His practice areas included labour law, competition law, and administrative and constitutional law, and his clients included his political party, the African National Congress (ANC); in 2011, he and Andries Nel were the ANC's quasi-prosecutors in the internal disciplinary hearings which resulted in Julius Malema's expulsion from the party. Shortly afterwards, Malindi and Muzi Sikhakhane represented the ANC and President Jacob Zuma in their abortive 2012 lawsuit against the Goodman Gallery and City Press, an attempt to have The Spear, a provocative painting of Zuma, banned from public display. In May 2012, in a widely televised court hearing, Malindi famously broke down in tears during questioning by Judge Neels Claassen. The court ordered the media not to broadcast images of Malindi's outburst, and Malindi explained afterwards that, "I was just overcome by emotions and there is a history to it as a former activist."

He was a member of Advocates for Transformation, and he served on the executive committee of the National Association of Democratic Lawyers as well as, from 1998 to 2002, as a member of the Johannesburg Bar Council.

== Judicial nominations ==
On several occasions since 2010, Malindi has served as an acting judge in the Gauteng Division of the High Court of South Africa, sitting at its seats both in Pretoria and in Johannesburg. The Judicial Service Commission has also interviewed him as a candidate for possible permanent appointment to the Gauteng High Court bench.

In October 2016, he was shortlisted and interviewed for one of six vacancies arising at the Gauteng High Court. Hendrik Schmidt and Julius Malema, both members of the panel and both opposition politicians (of the Democratic Alliance and Economic Freedom Fighters respectively), raised Malindi's political commitments, questioning whether they might create the perception of judicial bias. Malindi said that he had allowed his ANC membership to lapse in February 2016 and that his judgement would not be "clouded by political affiliation". Later in the interview, when Malindi grew emotional answering another question, Chief Justice Mogoeng Mogoeng asked whether his ability to control his emotions was "an area of challenge" for him. The Judicial Service Commission did not recommend Malindi for appointment, leading Senior Counsel Muzi Sikhakhane and Tembeka Ngcukaitobi to publish a defence of Malindi in the City Press, alleging that he had been overlooked because he was an "activist lawyer". The Economic Freedom Fighters, through its spokesperson Mbuyiseni Ndlozi, later accused the ANC government of attempting to punish the Judicial Service Commission's independent-minded members for their "refusal to appoint" Malindi to the bench.

In April 2021, Malindi was among the 13 candidates shortlisted and interviewed for six new vacancies in the Gauteng High Court.
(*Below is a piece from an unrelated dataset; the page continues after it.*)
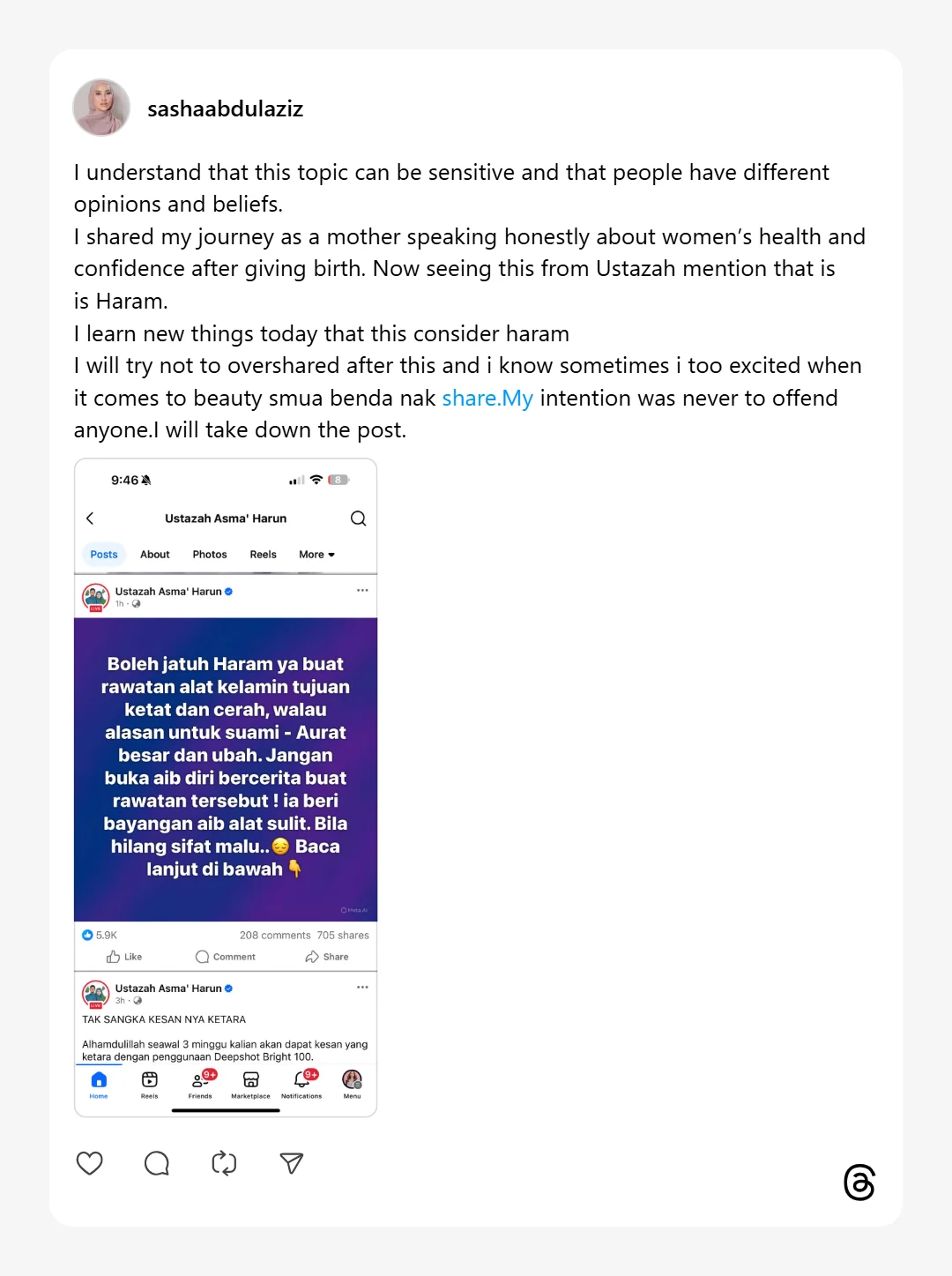 Sasha Aziz Terima Teguran Ustazah Perjelas Hukum Jalani Rawatan Ketatkan Alat Sulit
During the interview, Malindi pointed out that it had been four-and-a-half years since his last appearance before the panel, which he said was "more than long enough to allay any fears that I come here as being supplanted from Luthuli House". He also expressed his support for judicial activism. After the interviews, Malindi was one of the six candidates whom the Judicial Service Commission recommended for appointment.
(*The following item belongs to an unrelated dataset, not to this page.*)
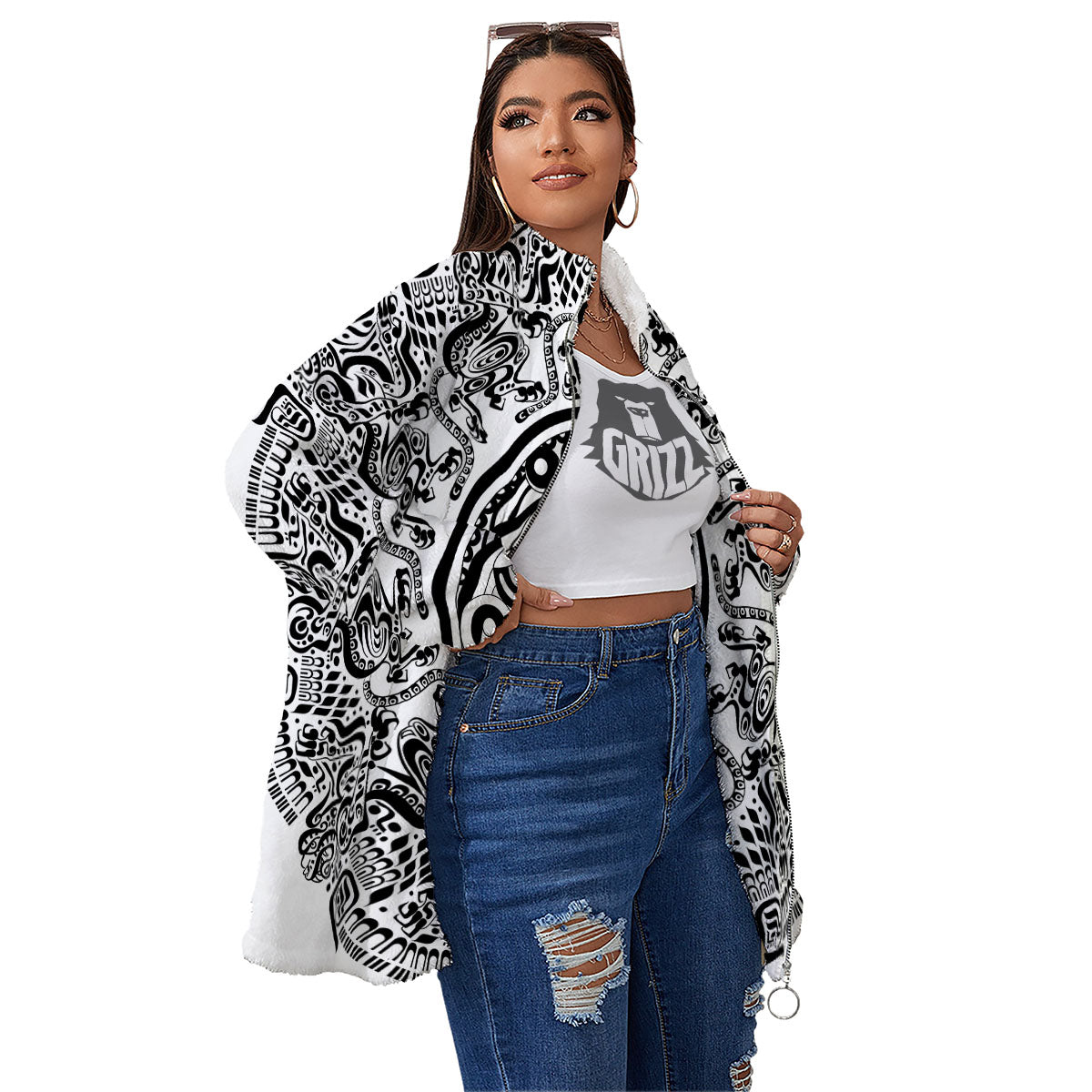 Maya Calendar White And Black Print Women's Sherpa Jacket-grizzshop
== Gauteng High Court: 2021–present ==
President Cyril Ramaphosa confirmed his appointment to the bench with effect from 1 July 2021.

== Personal life ==
Malindi is married to Caroline Nicholls, a judge and former attorney; they met when she was part of his defence team at the Delmas Treason Trial, then serving as an attorney under Priscilla Jana. Their first daughter was born in January 1989, while Malindi was imprisoned, and another of Malindi's lawyers, George Bizos, became her godfather.

In 1998, Malindi was the master of ceremonies at activist Simon Nkoli's funeral in Johannesburg; he had been friends with Nkoli, another Delmas Treason Triallist, since high school.